From the entries that follow, report every line in which "defined" occurs.

Items from a dataset
[Start of section]
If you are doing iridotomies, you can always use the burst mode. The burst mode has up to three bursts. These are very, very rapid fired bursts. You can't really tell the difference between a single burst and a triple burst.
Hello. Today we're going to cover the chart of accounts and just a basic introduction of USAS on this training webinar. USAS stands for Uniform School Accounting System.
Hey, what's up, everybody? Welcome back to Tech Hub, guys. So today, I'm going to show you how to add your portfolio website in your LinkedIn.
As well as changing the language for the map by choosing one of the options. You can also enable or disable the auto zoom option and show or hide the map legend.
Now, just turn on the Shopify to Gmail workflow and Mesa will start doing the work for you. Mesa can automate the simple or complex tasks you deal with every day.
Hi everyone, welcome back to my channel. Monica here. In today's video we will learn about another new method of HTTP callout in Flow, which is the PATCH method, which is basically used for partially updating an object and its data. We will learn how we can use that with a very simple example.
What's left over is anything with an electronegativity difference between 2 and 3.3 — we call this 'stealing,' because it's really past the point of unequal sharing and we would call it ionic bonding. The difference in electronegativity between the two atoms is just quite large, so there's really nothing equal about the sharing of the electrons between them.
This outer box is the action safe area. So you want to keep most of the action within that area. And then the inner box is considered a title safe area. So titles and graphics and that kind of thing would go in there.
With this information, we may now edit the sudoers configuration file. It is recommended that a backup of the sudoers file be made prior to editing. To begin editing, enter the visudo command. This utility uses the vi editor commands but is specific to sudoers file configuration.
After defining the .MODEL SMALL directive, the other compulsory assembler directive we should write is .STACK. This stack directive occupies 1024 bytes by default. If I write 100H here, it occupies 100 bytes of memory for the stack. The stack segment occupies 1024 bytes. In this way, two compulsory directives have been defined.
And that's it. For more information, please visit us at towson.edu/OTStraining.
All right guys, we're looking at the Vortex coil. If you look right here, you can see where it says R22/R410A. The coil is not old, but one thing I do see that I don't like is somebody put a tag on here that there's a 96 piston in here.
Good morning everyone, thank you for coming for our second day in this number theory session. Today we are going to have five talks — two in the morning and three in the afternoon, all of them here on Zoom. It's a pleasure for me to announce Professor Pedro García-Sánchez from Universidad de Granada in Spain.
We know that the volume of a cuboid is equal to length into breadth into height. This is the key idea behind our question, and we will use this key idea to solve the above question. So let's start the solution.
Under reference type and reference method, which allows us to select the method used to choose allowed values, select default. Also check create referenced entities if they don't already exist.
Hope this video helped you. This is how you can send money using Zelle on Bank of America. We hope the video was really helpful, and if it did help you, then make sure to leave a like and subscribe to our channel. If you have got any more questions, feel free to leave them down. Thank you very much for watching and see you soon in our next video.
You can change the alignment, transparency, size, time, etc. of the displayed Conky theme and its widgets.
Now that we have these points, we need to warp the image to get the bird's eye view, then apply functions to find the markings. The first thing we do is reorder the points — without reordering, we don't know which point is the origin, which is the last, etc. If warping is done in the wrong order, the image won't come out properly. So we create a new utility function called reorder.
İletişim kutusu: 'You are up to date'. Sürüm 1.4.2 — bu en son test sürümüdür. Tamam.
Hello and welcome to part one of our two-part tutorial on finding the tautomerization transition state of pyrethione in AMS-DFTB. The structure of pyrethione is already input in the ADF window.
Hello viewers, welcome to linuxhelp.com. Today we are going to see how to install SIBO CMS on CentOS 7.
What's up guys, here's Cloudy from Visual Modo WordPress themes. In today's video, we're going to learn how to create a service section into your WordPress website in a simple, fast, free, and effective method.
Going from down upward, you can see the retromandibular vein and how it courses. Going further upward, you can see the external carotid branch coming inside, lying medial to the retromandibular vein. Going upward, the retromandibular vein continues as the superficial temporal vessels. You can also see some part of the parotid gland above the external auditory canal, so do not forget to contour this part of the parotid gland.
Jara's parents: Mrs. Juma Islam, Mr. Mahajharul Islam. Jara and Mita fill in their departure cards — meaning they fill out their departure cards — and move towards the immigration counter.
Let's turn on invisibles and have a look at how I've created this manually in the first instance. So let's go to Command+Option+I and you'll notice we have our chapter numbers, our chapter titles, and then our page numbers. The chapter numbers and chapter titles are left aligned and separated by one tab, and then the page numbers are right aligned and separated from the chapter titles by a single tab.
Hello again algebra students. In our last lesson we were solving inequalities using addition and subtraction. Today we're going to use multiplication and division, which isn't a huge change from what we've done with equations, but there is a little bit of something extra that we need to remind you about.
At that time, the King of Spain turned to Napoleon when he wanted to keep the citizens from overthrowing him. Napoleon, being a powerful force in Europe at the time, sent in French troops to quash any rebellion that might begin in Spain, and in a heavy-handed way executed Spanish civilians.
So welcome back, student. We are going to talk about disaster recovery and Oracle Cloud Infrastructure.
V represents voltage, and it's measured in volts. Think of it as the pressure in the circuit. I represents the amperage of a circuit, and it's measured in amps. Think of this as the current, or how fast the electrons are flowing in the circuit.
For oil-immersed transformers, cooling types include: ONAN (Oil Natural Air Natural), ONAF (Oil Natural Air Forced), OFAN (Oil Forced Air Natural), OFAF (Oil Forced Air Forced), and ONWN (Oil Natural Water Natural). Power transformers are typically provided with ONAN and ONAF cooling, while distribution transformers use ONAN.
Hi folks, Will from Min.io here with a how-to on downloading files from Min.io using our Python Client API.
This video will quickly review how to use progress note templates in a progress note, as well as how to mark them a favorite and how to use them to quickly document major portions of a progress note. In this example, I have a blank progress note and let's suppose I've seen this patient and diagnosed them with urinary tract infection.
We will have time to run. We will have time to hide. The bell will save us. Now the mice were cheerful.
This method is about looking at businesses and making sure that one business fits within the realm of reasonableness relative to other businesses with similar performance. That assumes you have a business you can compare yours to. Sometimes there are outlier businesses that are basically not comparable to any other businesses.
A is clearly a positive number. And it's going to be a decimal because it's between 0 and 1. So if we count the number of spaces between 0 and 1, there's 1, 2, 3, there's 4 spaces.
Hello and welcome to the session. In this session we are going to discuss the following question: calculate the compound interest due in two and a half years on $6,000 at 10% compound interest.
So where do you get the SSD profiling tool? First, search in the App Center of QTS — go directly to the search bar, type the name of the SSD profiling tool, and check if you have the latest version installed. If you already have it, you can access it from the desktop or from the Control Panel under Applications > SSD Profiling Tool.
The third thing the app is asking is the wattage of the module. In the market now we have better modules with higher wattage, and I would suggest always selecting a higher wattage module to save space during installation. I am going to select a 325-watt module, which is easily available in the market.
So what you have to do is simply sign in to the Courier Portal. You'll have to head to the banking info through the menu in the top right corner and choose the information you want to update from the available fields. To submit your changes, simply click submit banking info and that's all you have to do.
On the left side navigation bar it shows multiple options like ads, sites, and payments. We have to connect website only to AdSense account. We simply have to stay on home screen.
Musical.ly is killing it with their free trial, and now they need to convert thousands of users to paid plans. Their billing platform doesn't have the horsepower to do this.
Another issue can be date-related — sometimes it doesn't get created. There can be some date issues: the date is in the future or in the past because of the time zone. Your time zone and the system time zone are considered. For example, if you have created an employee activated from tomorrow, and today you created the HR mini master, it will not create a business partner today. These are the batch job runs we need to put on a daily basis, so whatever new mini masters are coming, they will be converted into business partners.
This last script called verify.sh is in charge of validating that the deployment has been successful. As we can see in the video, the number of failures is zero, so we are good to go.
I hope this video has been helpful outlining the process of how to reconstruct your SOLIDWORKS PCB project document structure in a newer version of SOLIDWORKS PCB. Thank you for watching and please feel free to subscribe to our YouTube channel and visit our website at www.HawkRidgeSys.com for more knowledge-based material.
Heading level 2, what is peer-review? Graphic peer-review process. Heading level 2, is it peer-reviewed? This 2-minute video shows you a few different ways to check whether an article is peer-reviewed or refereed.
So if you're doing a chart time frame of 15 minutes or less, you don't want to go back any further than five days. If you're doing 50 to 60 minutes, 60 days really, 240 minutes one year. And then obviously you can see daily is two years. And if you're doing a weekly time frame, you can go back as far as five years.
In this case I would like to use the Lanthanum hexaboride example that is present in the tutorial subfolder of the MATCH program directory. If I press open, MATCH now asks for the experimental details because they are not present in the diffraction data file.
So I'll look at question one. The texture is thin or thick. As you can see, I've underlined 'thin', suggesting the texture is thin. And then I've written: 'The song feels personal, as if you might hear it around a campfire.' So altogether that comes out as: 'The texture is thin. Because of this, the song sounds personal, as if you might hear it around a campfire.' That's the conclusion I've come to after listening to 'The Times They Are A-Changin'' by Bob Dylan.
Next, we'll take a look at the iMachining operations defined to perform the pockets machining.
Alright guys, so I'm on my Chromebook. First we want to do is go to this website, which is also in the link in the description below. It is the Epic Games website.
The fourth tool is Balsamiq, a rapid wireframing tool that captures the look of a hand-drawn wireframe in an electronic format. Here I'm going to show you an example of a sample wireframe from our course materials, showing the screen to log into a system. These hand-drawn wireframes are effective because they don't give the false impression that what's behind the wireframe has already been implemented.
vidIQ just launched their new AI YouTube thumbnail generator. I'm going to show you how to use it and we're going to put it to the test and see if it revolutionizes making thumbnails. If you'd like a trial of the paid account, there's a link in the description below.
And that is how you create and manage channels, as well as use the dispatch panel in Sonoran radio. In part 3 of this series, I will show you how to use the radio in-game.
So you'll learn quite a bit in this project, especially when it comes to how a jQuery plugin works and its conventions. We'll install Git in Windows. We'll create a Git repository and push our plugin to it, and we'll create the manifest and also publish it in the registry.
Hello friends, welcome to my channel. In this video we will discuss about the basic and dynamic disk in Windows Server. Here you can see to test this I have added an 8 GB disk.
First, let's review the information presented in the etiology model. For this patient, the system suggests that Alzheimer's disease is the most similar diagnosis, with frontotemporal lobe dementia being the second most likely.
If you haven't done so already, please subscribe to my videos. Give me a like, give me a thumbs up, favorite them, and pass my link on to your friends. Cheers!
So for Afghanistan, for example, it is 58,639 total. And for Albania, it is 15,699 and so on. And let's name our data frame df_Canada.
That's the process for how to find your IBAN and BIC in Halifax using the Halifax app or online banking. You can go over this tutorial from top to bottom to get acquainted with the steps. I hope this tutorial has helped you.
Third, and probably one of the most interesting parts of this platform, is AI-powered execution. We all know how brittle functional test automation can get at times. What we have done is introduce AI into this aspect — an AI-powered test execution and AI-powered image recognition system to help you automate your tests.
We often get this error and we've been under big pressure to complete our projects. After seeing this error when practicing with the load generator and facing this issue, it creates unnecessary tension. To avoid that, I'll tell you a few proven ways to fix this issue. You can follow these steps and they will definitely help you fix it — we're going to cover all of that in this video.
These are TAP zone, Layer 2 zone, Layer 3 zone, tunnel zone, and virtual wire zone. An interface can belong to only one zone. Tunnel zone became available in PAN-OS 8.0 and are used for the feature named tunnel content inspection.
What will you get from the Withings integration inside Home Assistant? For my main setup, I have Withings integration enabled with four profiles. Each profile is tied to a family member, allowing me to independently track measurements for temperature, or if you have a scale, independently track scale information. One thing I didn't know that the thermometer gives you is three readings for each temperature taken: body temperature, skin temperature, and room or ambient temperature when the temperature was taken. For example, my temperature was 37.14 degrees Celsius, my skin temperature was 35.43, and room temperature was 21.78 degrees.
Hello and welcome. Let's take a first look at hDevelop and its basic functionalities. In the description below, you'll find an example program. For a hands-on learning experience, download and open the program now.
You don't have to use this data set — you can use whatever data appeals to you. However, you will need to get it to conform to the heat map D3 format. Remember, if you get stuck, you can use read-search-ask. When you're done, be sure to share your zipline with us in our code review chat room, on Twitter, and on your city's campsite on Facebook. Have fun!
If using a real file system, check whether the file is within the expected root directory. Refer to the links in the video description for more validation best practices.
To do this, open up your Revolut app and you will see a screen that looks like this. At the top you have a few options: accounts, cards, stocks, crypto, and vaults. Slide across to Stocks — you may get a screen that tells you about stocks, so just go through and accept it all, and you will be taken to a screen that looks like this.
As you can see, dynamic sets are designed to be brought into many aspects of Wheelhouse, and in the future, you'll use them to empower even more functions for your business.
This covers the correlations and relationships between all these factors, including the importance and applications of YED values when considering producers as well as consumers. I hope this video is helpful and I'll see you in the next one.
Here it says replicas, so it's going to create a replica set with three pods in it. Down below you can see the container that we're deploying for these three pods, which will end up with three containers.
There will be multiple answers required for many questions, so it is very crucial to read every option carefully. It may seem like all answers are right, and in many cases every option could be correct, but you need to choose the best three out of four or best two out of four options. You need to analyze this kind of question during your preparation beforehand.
[End of section]
The completed task:
After defining the .MODEL SMALL directive, the other compulsory assembler directive we should write is .STACK. This stack directive occupies 1024 bytes by default. If I write 100H here, it occupies 100 bytes of memory for the stack. The stack segment occupies 1024 bytes. In this way, two compulsory directives have been defined.
Next, we'll take a look at the iMachining operations defined to perform the pockets machining.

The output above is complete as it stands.